I'm struggling to get my ahead around using the csv type provider in F# for simple data analysis tasks. I have done some googling around the 'Seq' function and the csv type provider as a whole but cant find resources relevant to my issue, so help is appreciated.
I'm attempting to use F# to create metrics on Horse Racing data (per each runner within a race). My data is in a csv and has a structure similar to this: raceId, runnerId, name, finishingPosition, startingPrice, etc
So what i want to do initially is group each csv row by raceId and create extra 'insights' on each race (An example here would be 'positionInBetting' using 'startingPrice' for each runner within the race).
this is what i have:
open FSharp.Data
type Runner = CsvProvider<Sample="runners.csv",AssumeMissingValues=true>
let dataset = Runner.Load("runners.csv")
let racesSince2010 = dataset.Rows |> Seq.filter (fun r -> r.Meeting_date.IsSome && r.Meeting_date.Value > new System.DateTime(2010,1,1)) |> Seq.groupBy (fun r -> r.Race_id)

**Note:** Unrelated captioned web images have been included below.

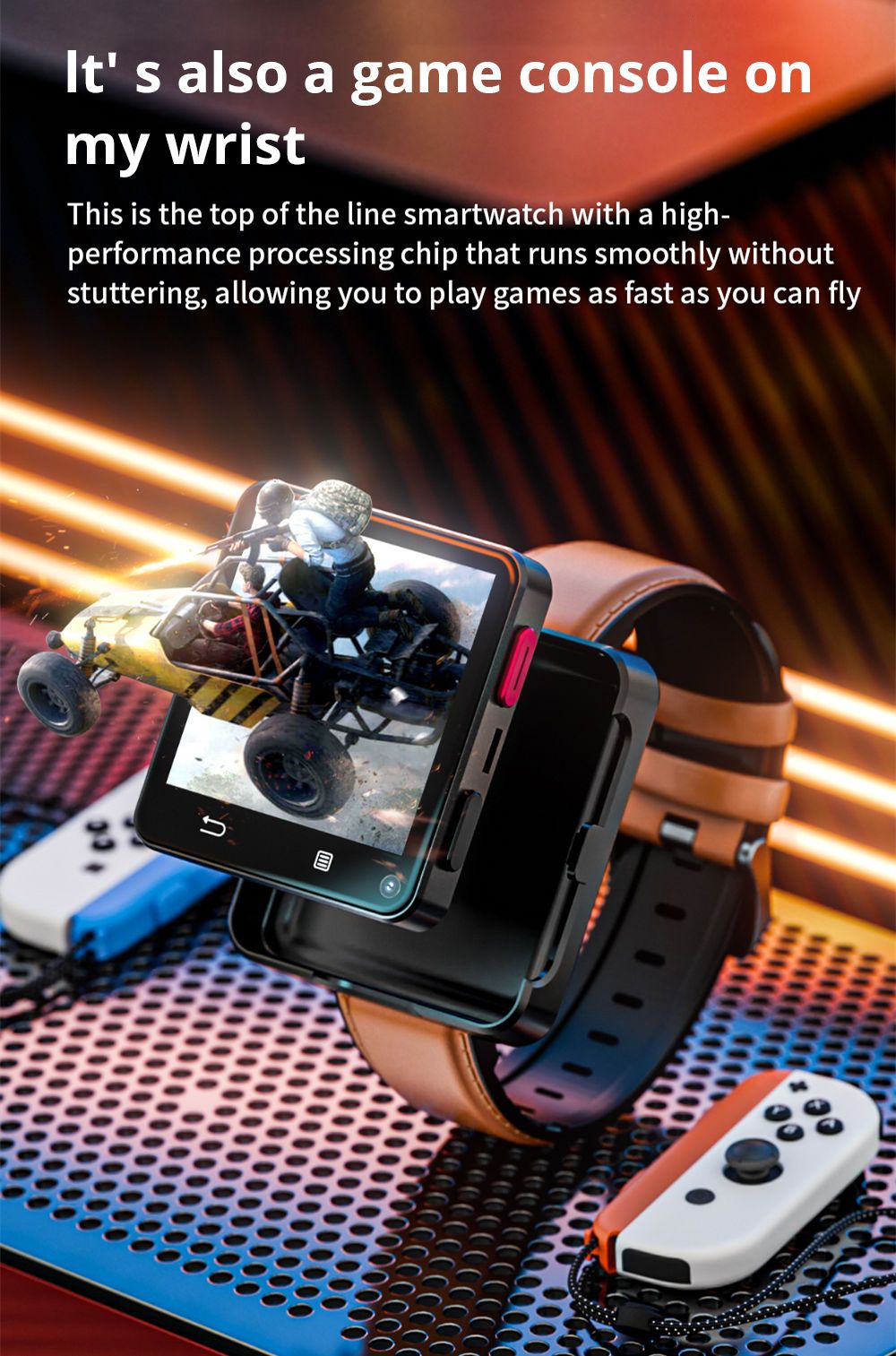 LOKMAT APPLLP 2 MAX Detachable Smartwatch, 2.64-inch Screen, Android 11, Support 4G/5G SIM, Bluetooth Connection, GPS Positioning, 1200mAh Battery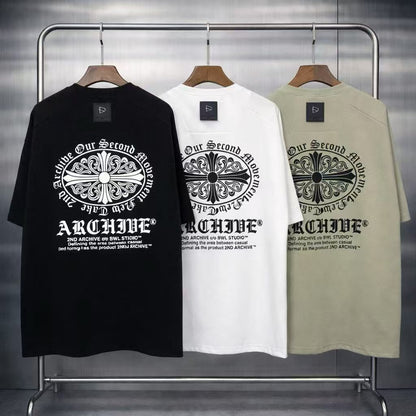 韓國直送🇰🇷 2ND ARCHIVE Gothic Cross Oversized Tee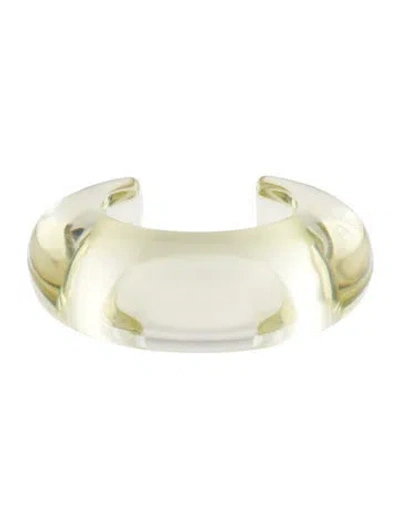 Pre-owned Lizzie Fortunato Arc Cuff Bracelet, 6.5" In Green
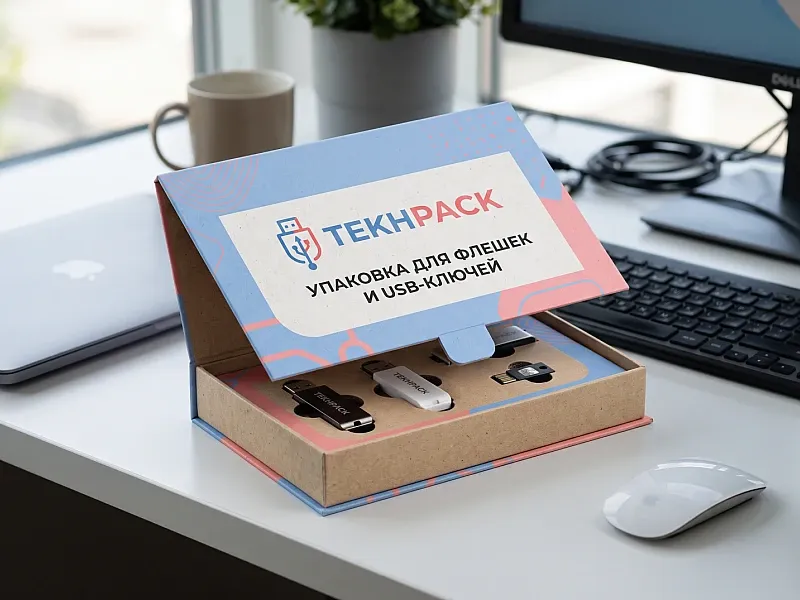 заказать Упаковка для флешек и usb-ключей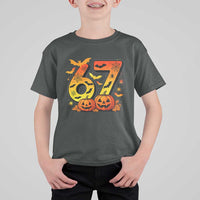 Funny 67 Halloween T Shirt For Kid Spooky Six Seven Meme Gen Alpha Slang - Wonder Print Shop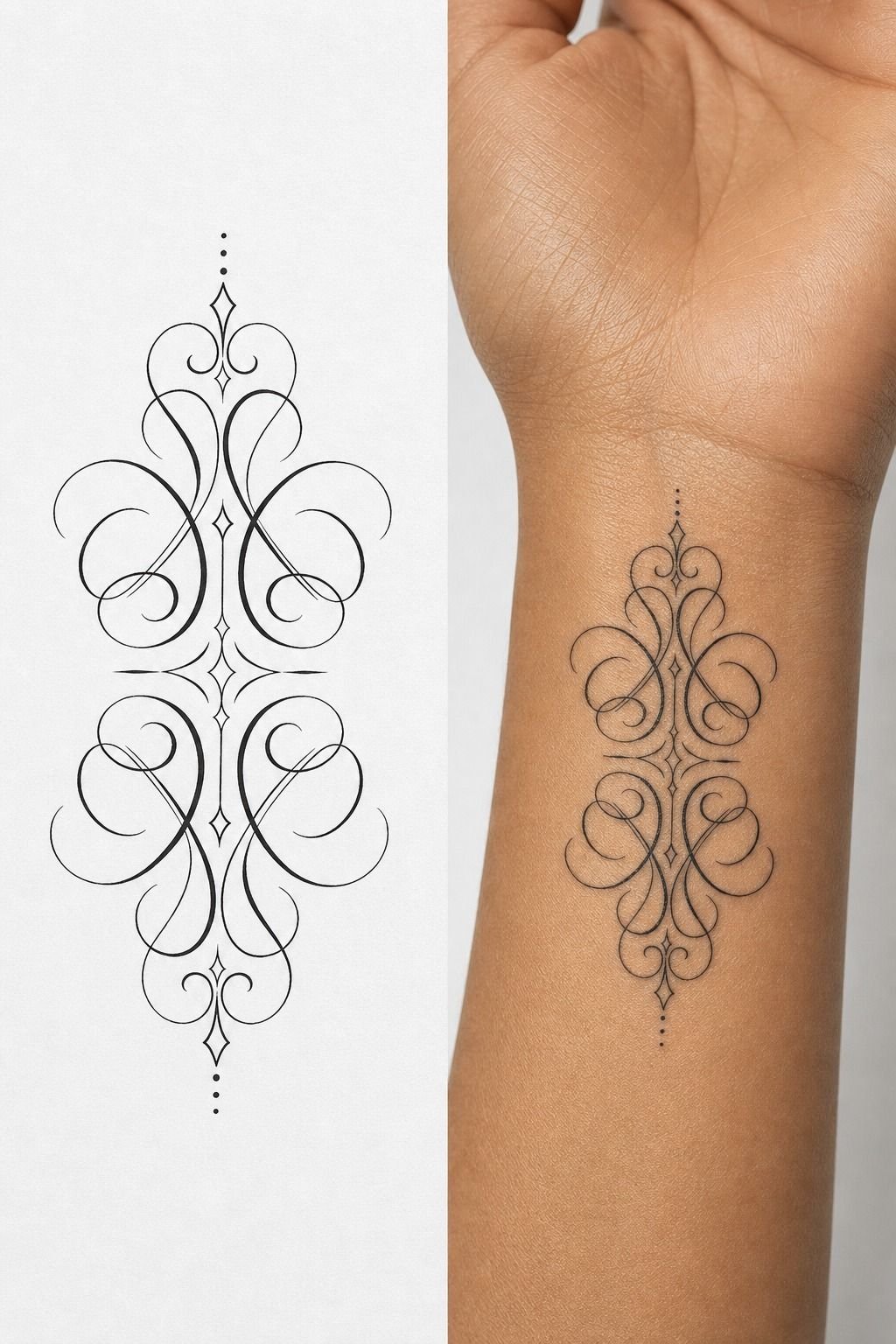 Build a Mirrored Name Design on Wrists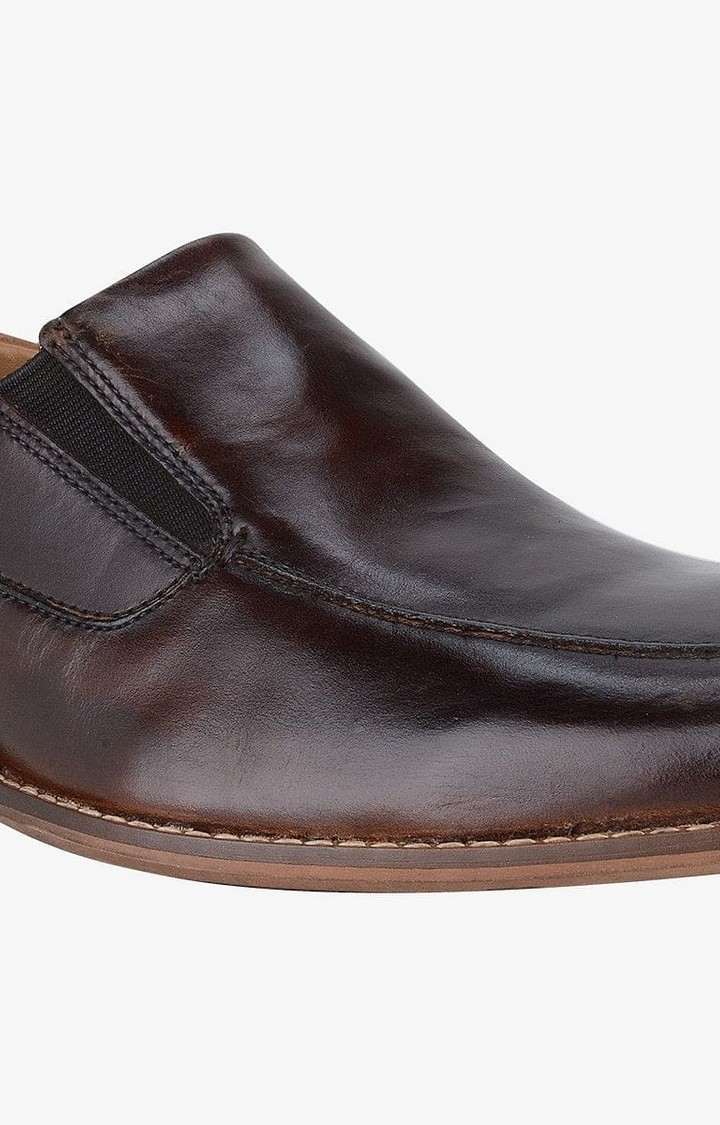 P-Garden Brown Driver Loafers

So this achieves the first part of grouping runners by races and gives me seq of tuples where the key is the raceId and the value is a seq of Runners (I assume, but VS tells me it is actually a seq<CsvProvider<...>.Row>
)
then i expected this to work:
let raceDetails (raceId, runnersList:seq<Runner>) = runnersList |> Seq.iter ( fun r -> printfn "race: %i runner: %s" raceId r.)
but r.name isn't available in VS intellisense. I know i'm failing to understand why the output of my grouping function is defined as seq<CsvProvider<...>.Row>
instead of seq<Runner>
, but i cant find anything to explain it to me, or how to attack the problem i am having.
Alex